Eski Başbakan Ahmet Davutoğlu ve beraberinde hareket eden birçok kişi partiden atılmak üzere.

AK Parti Genel Başkanı Recep Tayyip Erdoğan, Davutoğlu grubu üzerinden "yeni siyasi hareket" girişimlerine yüklenmeye devam ediyor.

Hükümetin diğer sözcüleri de HDP ve İmamoğlu eleştirisini benimsemiş durumda.

Bu yöntem oldukça tanıdık aslında; Erdoğan muhtemel rakiplerini kendisi belirlemek istiyor. Abdullah Gül ve Ali Babacan ekibi yerine Davutoğlu grubunu hedef alıyor.

Öte yanda ise İstanbul Büyükşehir Belediye Başkanı Ekrem İmamoğlu'na yönelik açıklamalar söz konusu. İktidar medyası da bu konuda epey mesai harcıyor.

Bu sırada CHP'den de ilginç hamleler geliyor.

HDP'lilerle samimi görüntüler verilmesi, doğum günü kutlamaları gibi eylemlerle HDP'nin toplumdaki imajının olumsuzluğuna aldırış edilmeden hareket ediliyor.

Seçimlerde millet ittifakı olarak ortak hareket ettikleri ve milliyetçi oyların İmamoğlu'na yönelmesi noktasında önemli bir misyon üstlenen İYİ Parti'nin hassasiyetlerine pek aldırış edilmiyor.

Israrla belirli noktalar kaşınıyor, ısrarla belirli mesajlar verilmek isteniyor.

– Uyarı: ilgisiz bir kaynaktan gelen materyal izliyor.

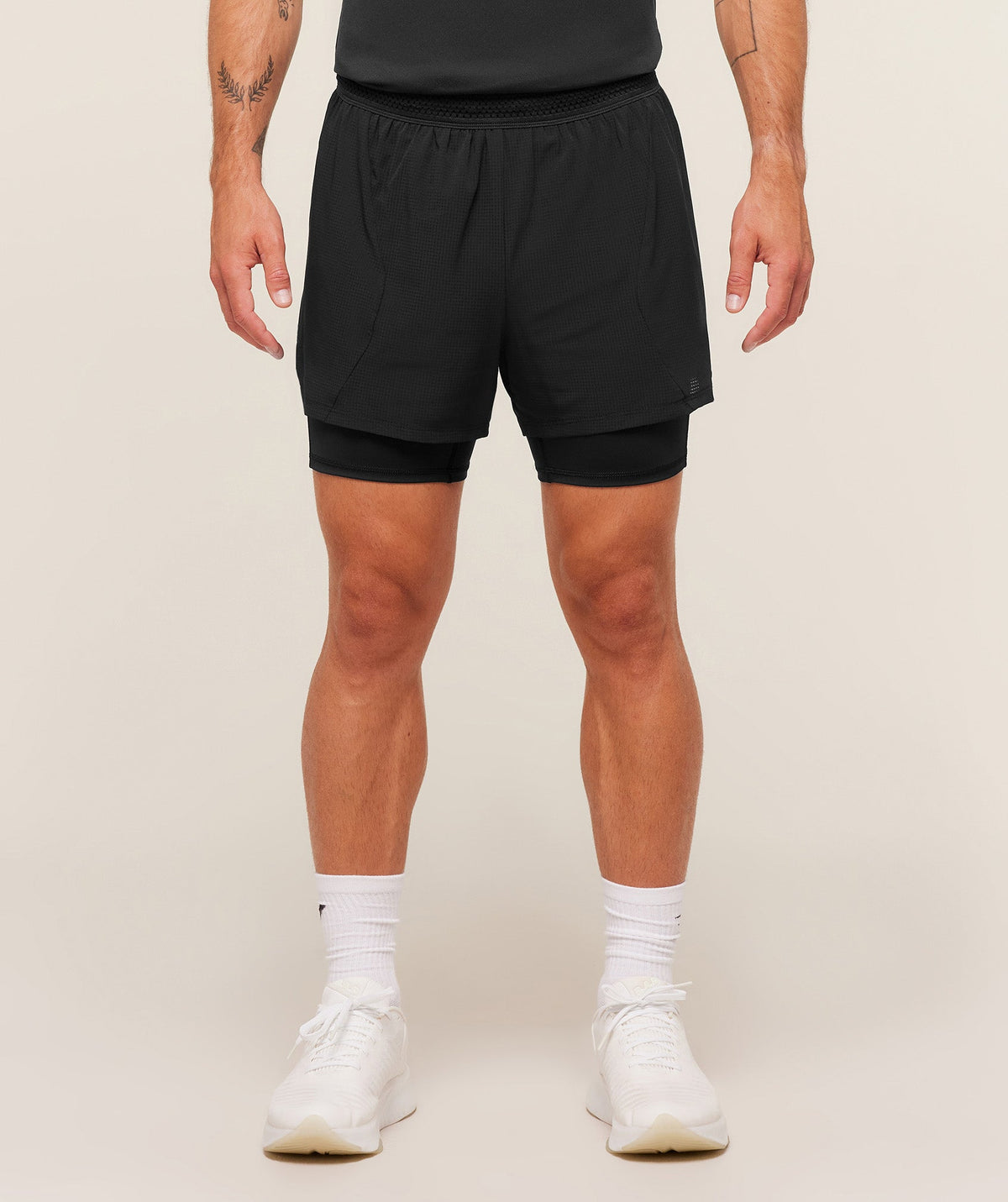 Gymshark Running 4" 2-in-1 Shorts - Black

CHP İstanbul İl Başkanı'nın geçmişte ve son olarak yaptığı "Türkiye halkları" açıklamaları milli devlete açıkça meydan okuyor.

Bu tablo tam da Erdoğan'ın istediği şartları oluşturuyor aslında.

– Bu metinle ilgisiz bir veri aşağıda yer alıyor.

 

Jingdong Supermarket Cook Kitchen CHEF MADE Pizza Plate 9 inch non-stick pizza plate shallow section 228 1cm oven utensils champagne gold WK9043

Parti içindeki muhalefet Davutoğlu ve çevresinde şekillendiriliyor,

Olası başkanlık seçimlerinde şimdiden İmamoğlu rakip gibi belirlenip, yıpratılmak isteniyor.

Muhalefet, yeniden HDP-CHP olarak konumlandırılıyor…

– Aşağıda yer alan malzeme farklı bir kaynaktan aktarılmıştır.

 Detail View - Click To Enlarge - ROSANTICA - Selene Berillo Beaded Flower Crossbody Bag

Hatta ilerleyen günlerde Bahçeli'nin İYİ Parti'ye yönelik yeni açılımlar yapması da muhtemel.

Seçimler öncesinde Abdullah Öcalan'ın kardeşinden medet uman zihniyet, şu anda HDP'ye kayyum atamak suretiyle milliyetçilik oynuyor.

Bu tablodan yapılacak en önemli çıkarım şu galiba; HDP, Türkiye'nin kilit partisi haline geldi.

Sırtını PKK'ya dayayarak, bombayla, silahla, ırkçı söylemlerle gayet başarılı oldular!

Bu durum aslında Türk siyasetinin nasıl can çekiştiğini gösteriyor.

Seçimlerden bu yana Ankara, Adana, Bolu belediyelerinin yaptığı tasarruflar dışında milletin, vatandaşın lehine olan durum yok gibi…

Herkes bir siyasetin, herkes bir çıkarın peşinde.

Siyasi parti liderleri dışında çimen misali ezilip, savruluyoruz.

HDP aşağı, HDP yukarı…

Bu arada insanların sinir uçlarını kaşıyan Diyanet ve benzeri kurumlar da boş durmuyor tabi.

Günün sonunda şöyle bir ülke manzarasına baktığınızda içinizi açan tek konu; transfer haberleri oluyor.

Bu gidiş, gidiş değildir.

Siyasetin, güçlülerin elinde oyuncak olduğu, Yargı'nın işlevsizleştiği, milli devletin iktidar ve muhalefetin bazı unsurları tarafından hedef alındığı bir ortamdayız.

Bu ortamda vatandaş ne yapsın?

İki ay içinde gelen yüzde 30 doğalgaz zammını ve enflasyonu konuşacağımız yerde Demirtaş'ın doğum günü kutlamalarını, belediyelere kayyum atanmasını, bakanların tehditlerini konuşuyor ve izliyoruz.

Kimse kusura bakmasın da böyle siyaset olmaz.

AK Parti Genel Başkanı Erdoğan da artık birilerini hedef almak yerine, özelleştirme ve S-400 dışında yapacakları devlet politikaları hakkında konuşmalı.

En büyük israf, zamanı kötü kullanmaktır.

Ve Türk siyaseti israfın sınırlarını zorluyor.